April 12, 2010 News 10 Comments

Working with ONC on HITECH: Some Observations

I have spent a large portion of the last eleven months working with the Office of the National Coordinator for Healthcare Information Technology (ONC) to develop the regulations and grant programs that resulted from the HITECH legislation. This time and this work have led to four major observations.

The Power of Meaningful Use

For decades, the healthcare information technology industry has tracked adoption. How many hospitals have adopted CPOE? What is the adoption rate of personal health records?

While adoption is a measure of industry uptake of a technology, it has an obvious flaw. Adoption does not mean that providers are using the technology or that care is being improved. Adoption does not, per se, lead to complete problem lists or providers doing a good job of managing the health of their patients.
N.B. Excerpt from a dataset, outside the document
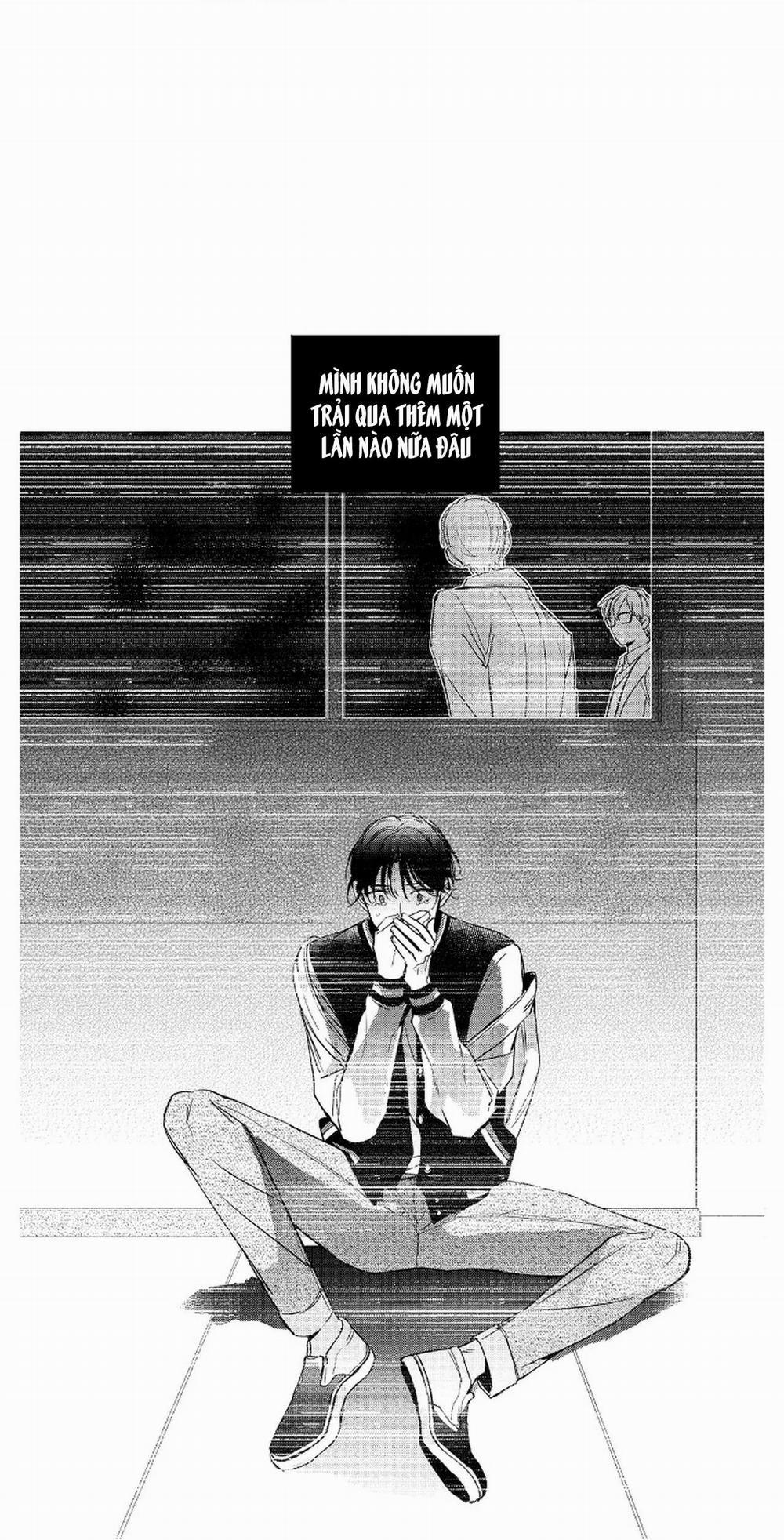 Kẻ lừa đảo ngọt ngào 1 trang 73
Meaningful Use is a very potent idea. It says that if our goal is care improvement, adoption is only relevant if the technology is used well.

Meaningful Use also stops short of initially basing incentives on changes in care outcomes. While providers must report quality data, early stages of Meaningful Use do not require that specific improvements in care occur. It was understood that broad care improvement will take more time than is likely to be achievable under the initial HITECH timetables. And it was understood that while EHRs are an essential foundation for care improvement, additional factors must also be present.
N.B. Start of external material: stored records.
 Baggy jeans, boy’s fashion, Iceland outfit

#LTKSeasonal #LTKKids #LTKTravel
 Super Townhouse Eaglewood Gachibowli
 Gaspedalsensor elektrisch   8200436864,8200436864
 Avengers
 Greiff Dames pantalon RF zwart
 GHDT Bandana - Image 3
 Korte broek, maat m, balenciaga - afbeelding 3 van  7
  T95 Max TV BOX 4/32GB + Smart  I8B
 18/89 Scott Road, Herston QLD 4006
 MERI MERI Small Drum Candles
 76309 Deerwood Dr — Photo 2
Most importantly, payment reform must happen — reimbursement that explicitly rewards providers for improvements in care quality, safety, and efficiency. The recently passed Health Reform legislation begins the process of the implementation of payment reform for federal programs.

Meaningful Use moves the industry away from a focus on adoption, but does not overstep that movement by leaping all the way to outcomes.
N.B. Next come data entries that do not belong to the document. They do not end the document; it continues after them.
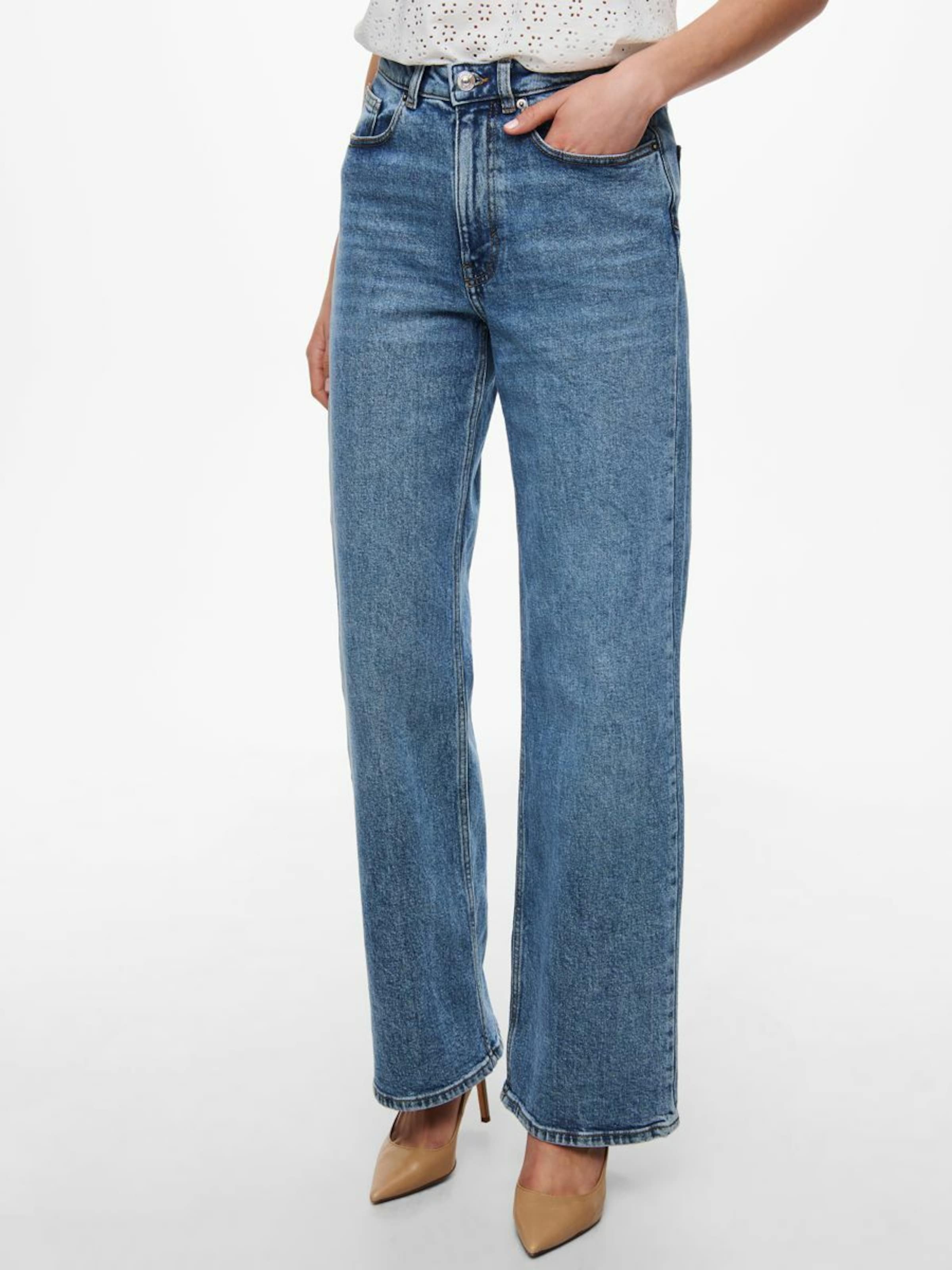 Jeans wide leg da donna » online su ABOUT YOU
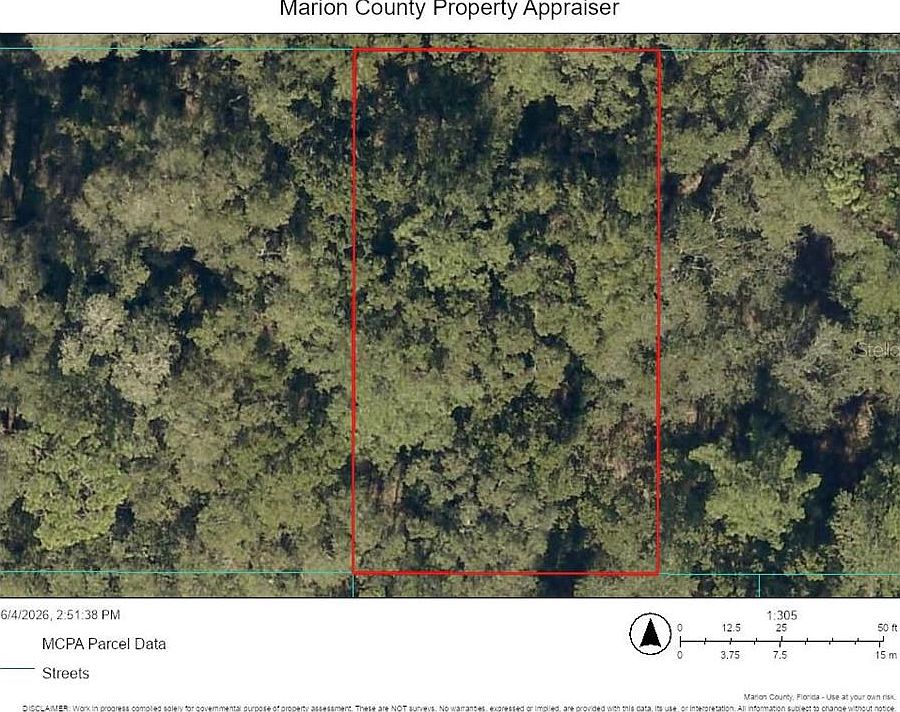 2nd image of Lots 7,8,9 SE 131ST PLACE LOT 789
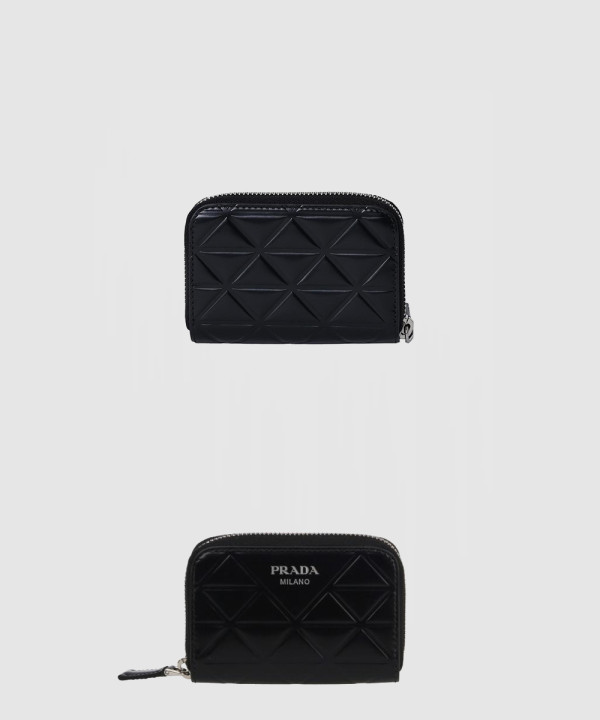 프라다 카드 지갑 2MM003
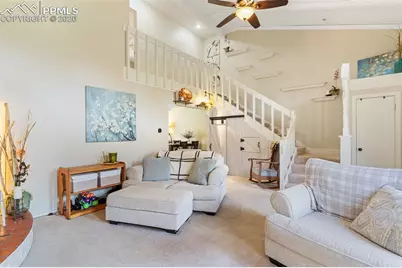 5208 Kissing Camels Drive #F2, Colorado Springs, CO 80904 - Photo 8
The Joint ONC/CMS Approach to Regulation/Rule Development

After HITECH passed. there was a need to develop the regulations (also known as rules) that translated the legislation into specifics, e.g., what are the specific things a provider would have to do to be considered a Meaningful User?

As it writes rules, the government must follow a core protocol. Those who are drafting the rule cannot talk, outside of government, about the draft language. The draft rule must be reviewed and approved by several government departments such as the Office of General Counsel. And the government must ask for comments, on a draft of the rule, from the public and it must read those comments.

While it followed that protocol, ONC (and CMS for Meaningful Use) made a critical strategic addition. They leveraged the Policy and Standards Committees (which were open to the public) to develop recommendations of the rule content. The Meaningful Use Work Group defined an approach to the 2011 (Stage 1) objectives and measures. The Certification and Adoption Workgroup developed recommendations for a new EHR certification process. The Workgroups of the Standard Committee developed recommended data, transaction, quality measures, and security standards.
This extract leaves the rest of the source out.